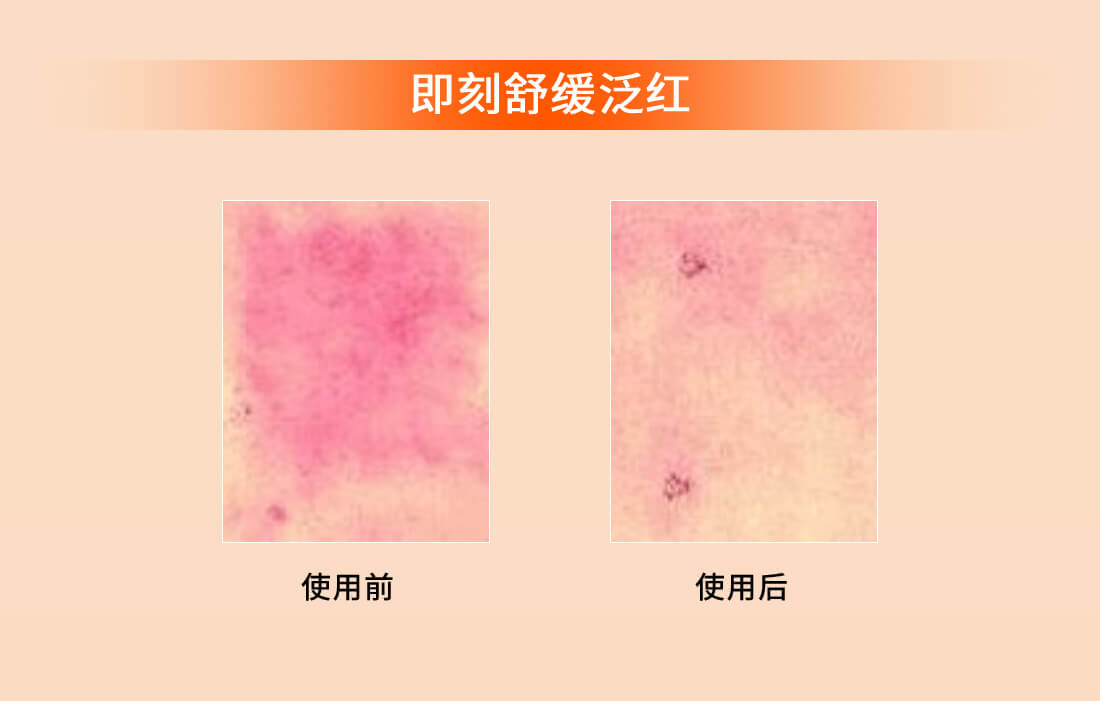 滋盈生人参密集修护精华液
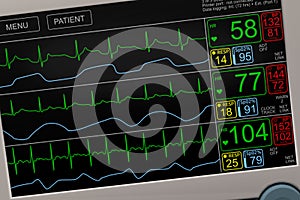 Patient`s vital signs on ICU monitor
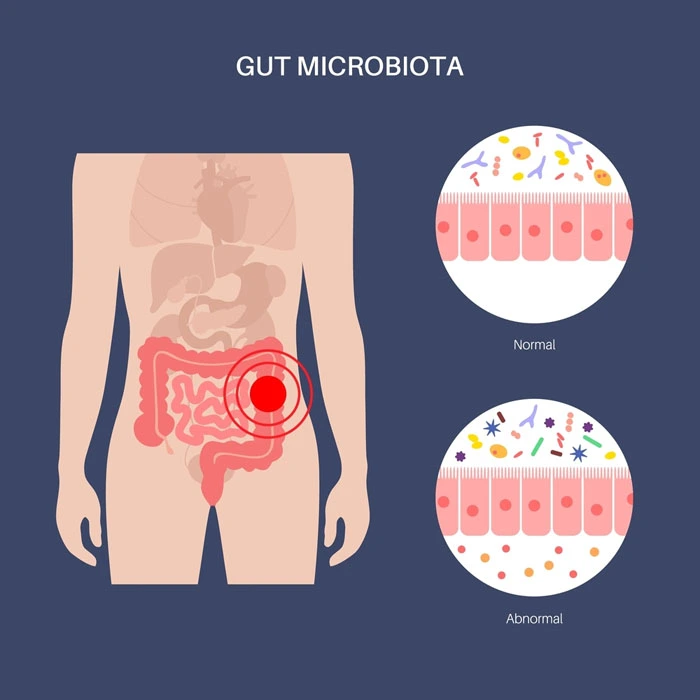 Microbiome Diet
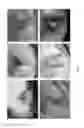 Fig. 03 - Compositions and methods of use for wound healing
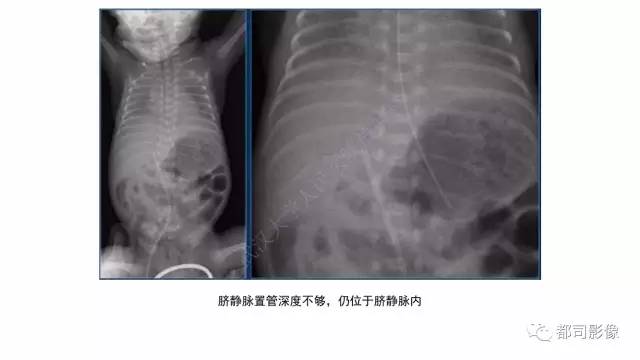 【PPT】新生儿置管的影像学评价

··········

Exercise directions:
Now write out the data word for word, skipping every picture in it.

Solution to this task:
 滋盈生人参密集修护精华液
 Patient`s vital signs on ICU monitor
 Microbiome Diet
 Fig. 03 - Compositions and methods of use for wound healing
 【PPT】新生儿置管的影像学评价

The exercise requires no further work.